Indicators with very few observations are identified to highlight **data gaps**.


In [None]:
sparse_indicators = eda.identify_sparse_indicators(min_count=2)
print("Sparse indicators:\n", sparse_indicators)


### Access Analysis

We focus on Ethiopia's **account ownership trajectory**.

In [None]:
# Filter for account ownership observations
account_obs = eda.filter_records(record_type='observation')
account_obs = account_obs[account_obs['indicator_code'] == 'ACC_OWNERSHIP']

# Plot trajectory
sns.lineplot(data=account_obs, x='observation_date', y='value_numeric', marker='o')
plt.title("Ethiopia Account Ownership (2015-2024)")
plt.ylabel("% of adults with an account")
plt.xlabel("Year")
plt.xticks(rotation=45)
plt.show()

### Growth Rates Between Survey Years

In [None]:
account_obs_sorted = account_obs.sort_values('observation_date')
account_obs_sorted['growth_pp'] = account_obs_sorted['value_numeric'].diff()
print(account_obs_sorted[['observation_date','value_numeric','growth_pp']])

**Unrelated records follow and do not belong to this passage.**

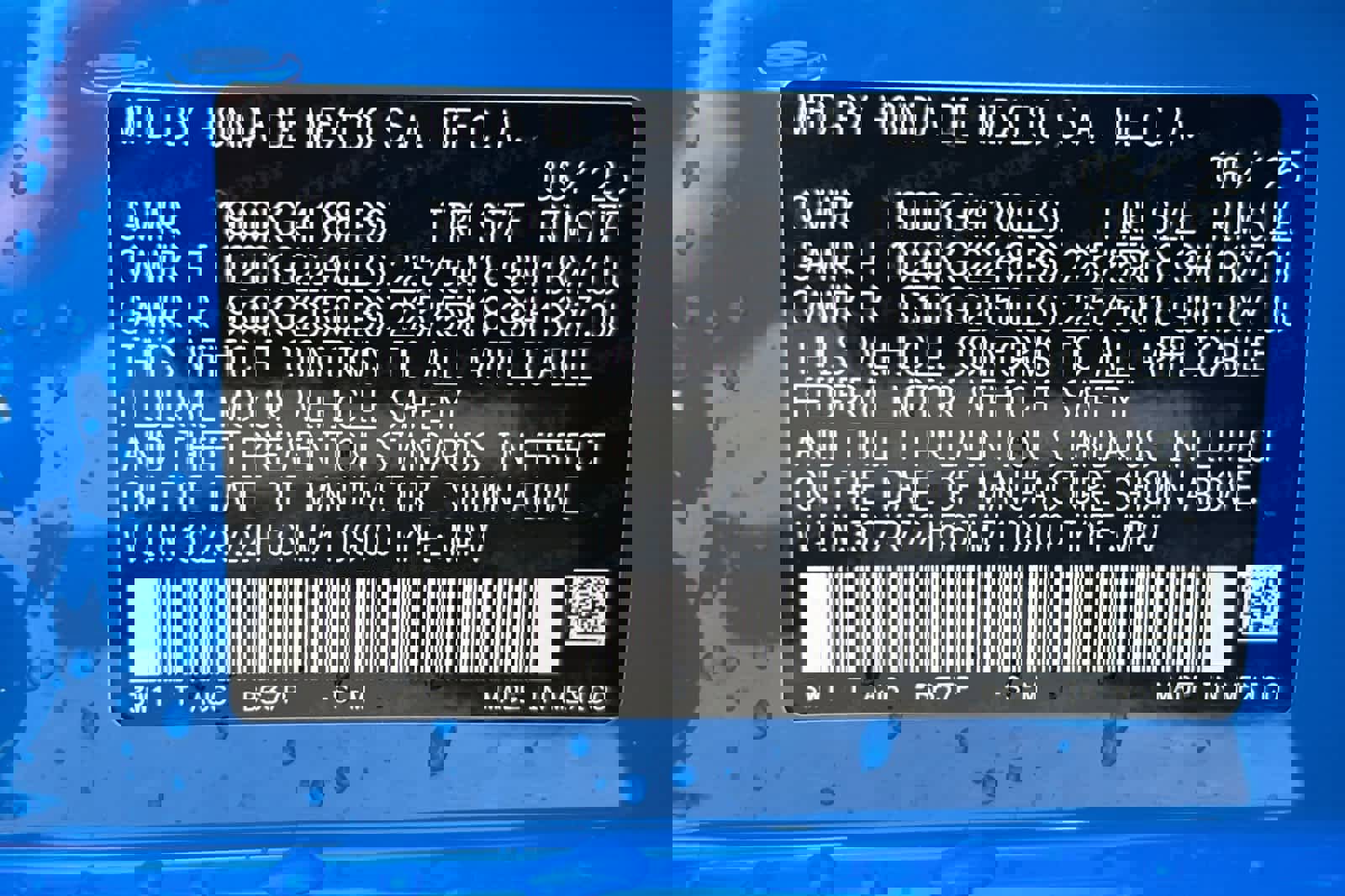 New 2026 Honda HR-V Sport image 27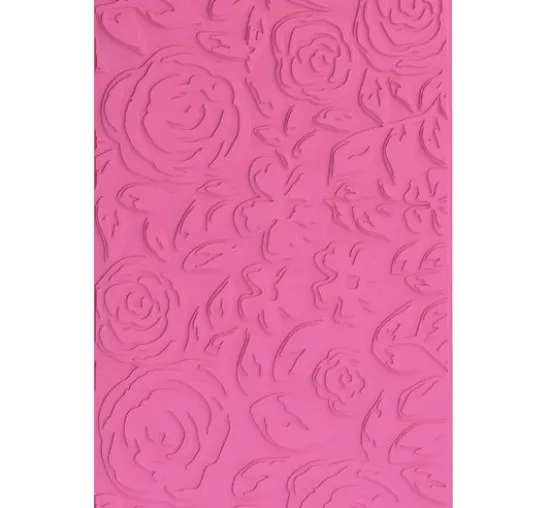 Sizzix Multi-Level-Prägeschablone "Watercolor Bouquet"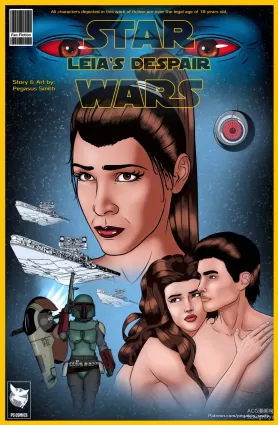 Leia's Despair  - Chapter 1 (Star Wars)
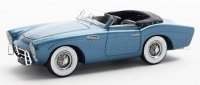 PEGASO - Z-102 2-SERIES SAOUTCHIK CABRIOLET OPEN 1954 - blauw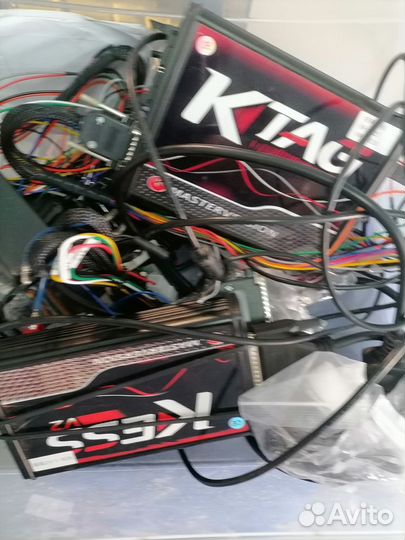 Kess v2/Ktag Загрузчик программатор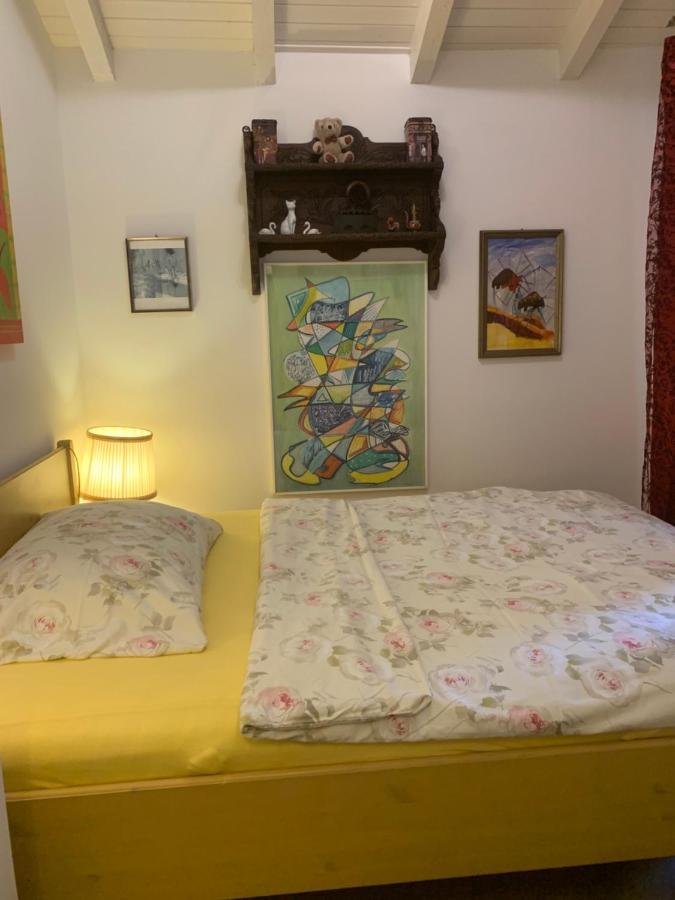 Ferienhaus, Rustico Auf Burg 로카르노 외부 사진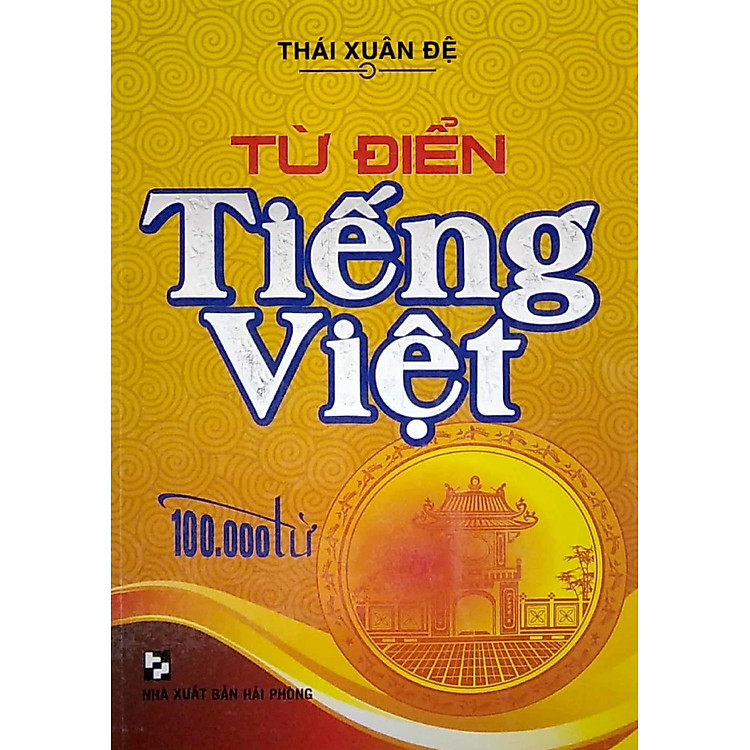 Từ Điển Tiếng Việt (100.000 Từ)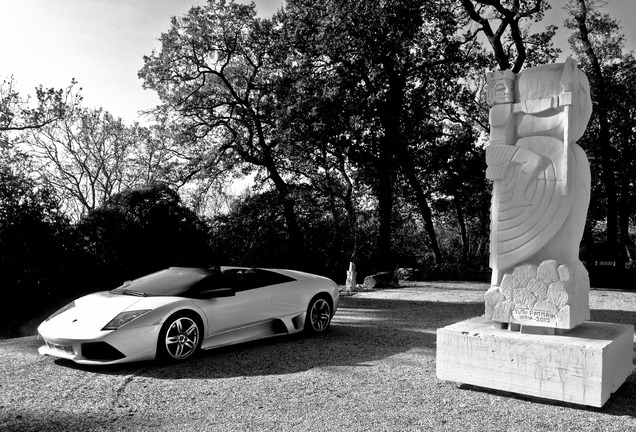 Lamborghini Murciélago LP640 Roadster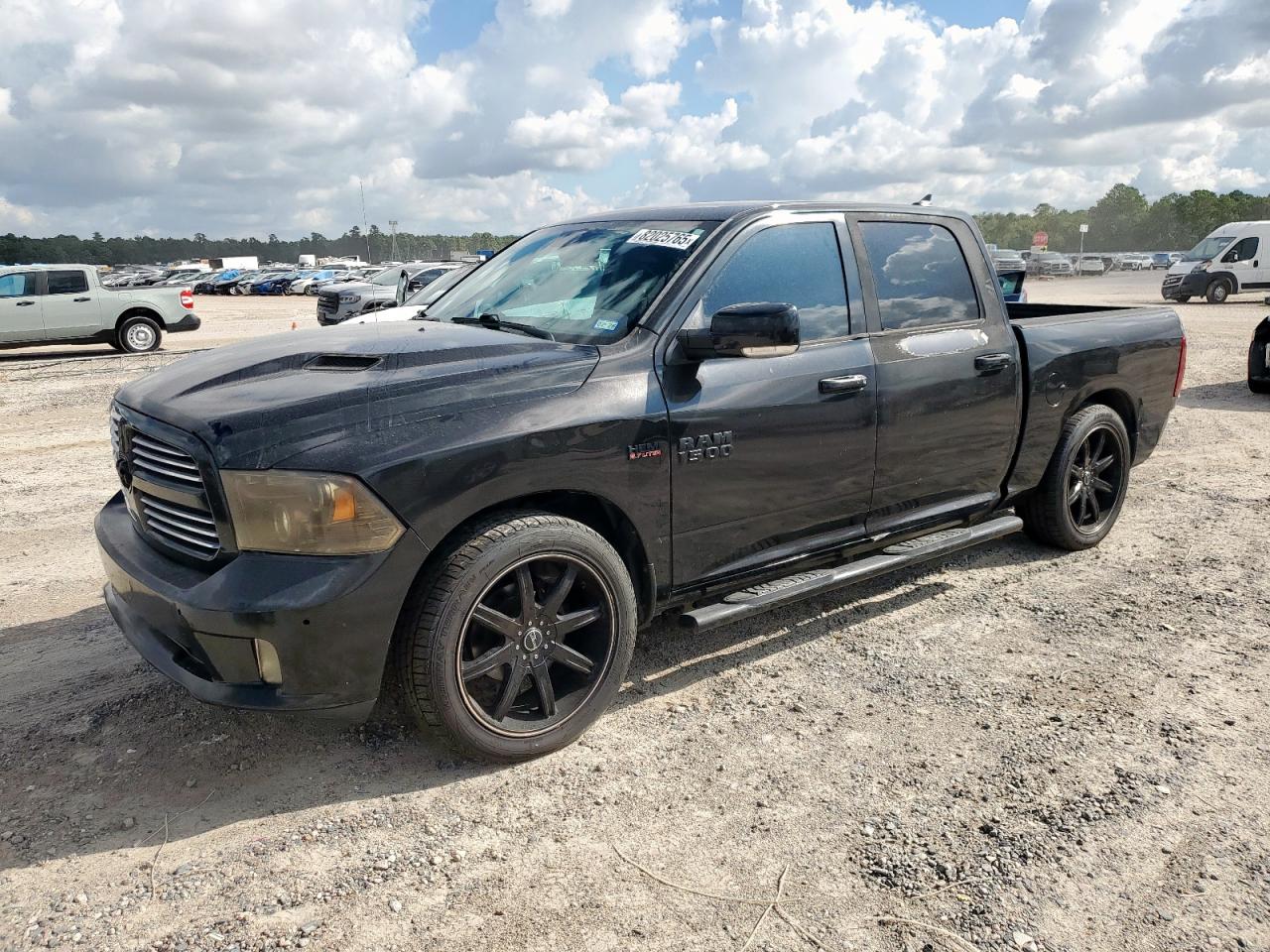 RAM 1500 SPORT 2016
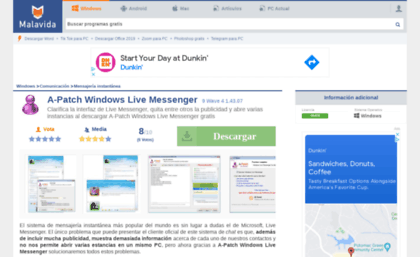 a-patch-windows-live-messenger.malavida.com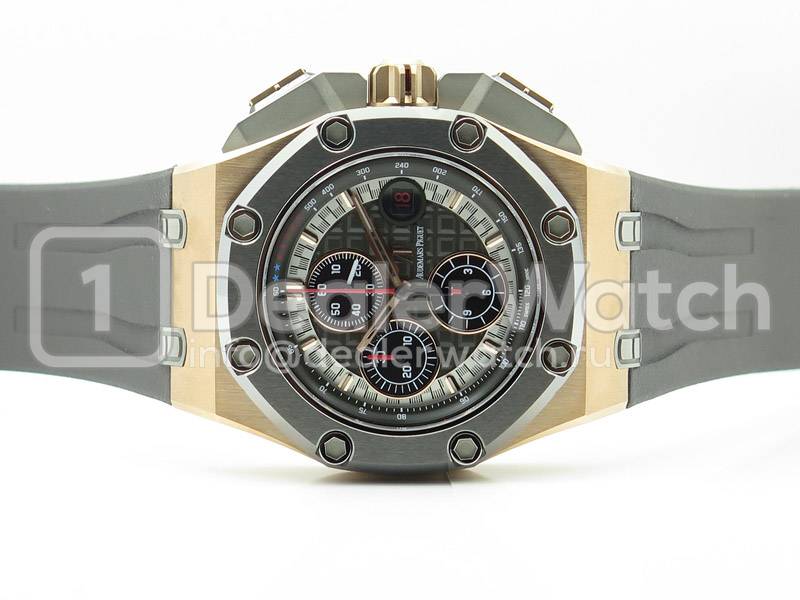 Часы Audemars Piguet Royal Oak Offshore Chronograph Michael Schumacher 44 mm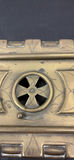 Antique Brass Warming Stove - thumbnail 6 of 8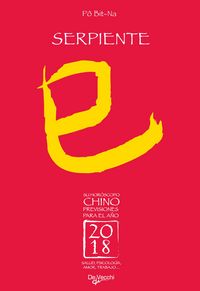 Produktbild: Su hor&oacute;scopo chino. Serpiente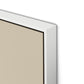 Stones C - Recolor 2 Canvas Floater Framed / 32 x 32 in / White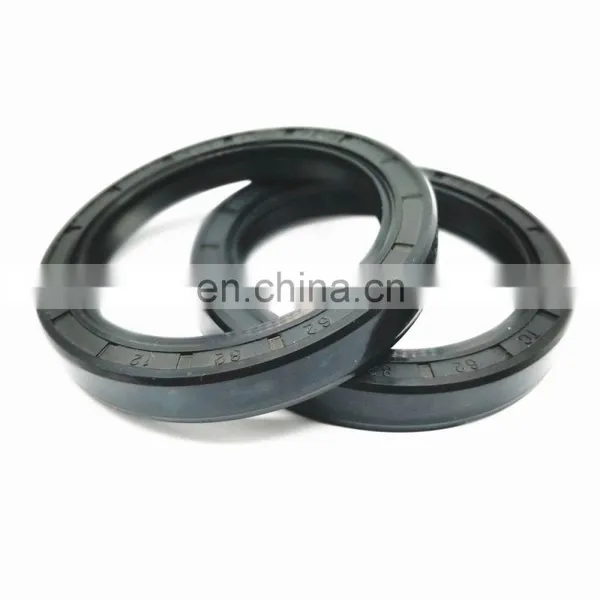High Quality NBR FKM Rubber Mechanical Shaft Seal Truck Wheel Hub TC Oil Seal photo-3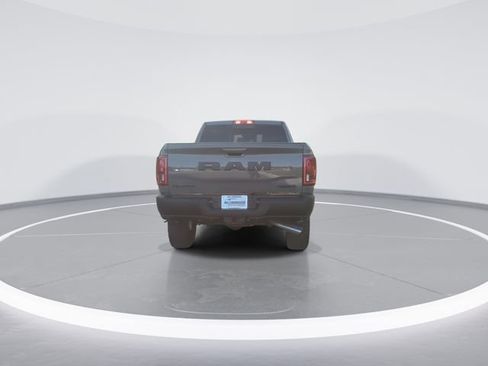 New 2026 RAM 2500 Rebel w/ Rebel Level 1 Equipment Group AWD/4WD image 7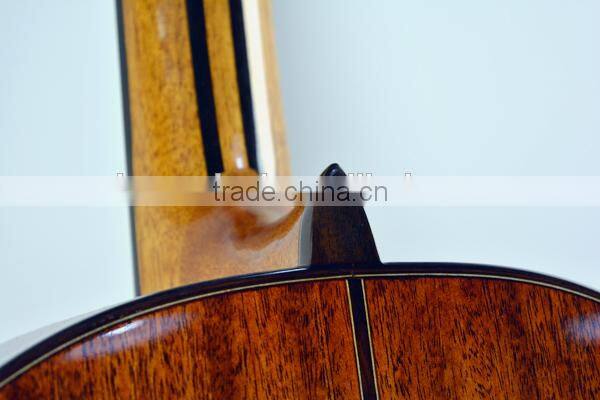 39 inch all solid wood handmade classic guitar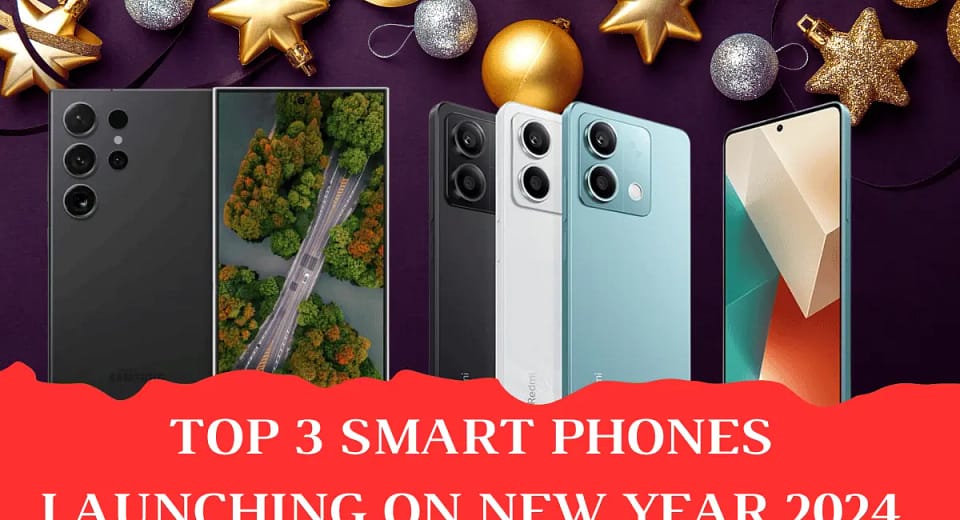 best new smart phones launch n 2024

### Gender and Urban/Rural Gaps (if available)

Currently, disaggregated data is limited. Placeholder for gender and location analyses.


### 2021-2024 Slowdown

Account ownership grew only +3pp despite massive mobile money expansion. 
Potential explanations could include:

- Large proportion of previously unbanked adults reached early by mobile money
- Barriers in account usage or KYC compliance
- Limited effect of newly registered accounts on survey-based ownership

### Usage (Digital Payments) Analysis

In [None]:
usage_obs = eda.filter_records(record_type='observation')
mobile_money_accounts = usage_obs[usage_obs['indicator_code'] == 'ACC_MM_ACCOUNT'].copy()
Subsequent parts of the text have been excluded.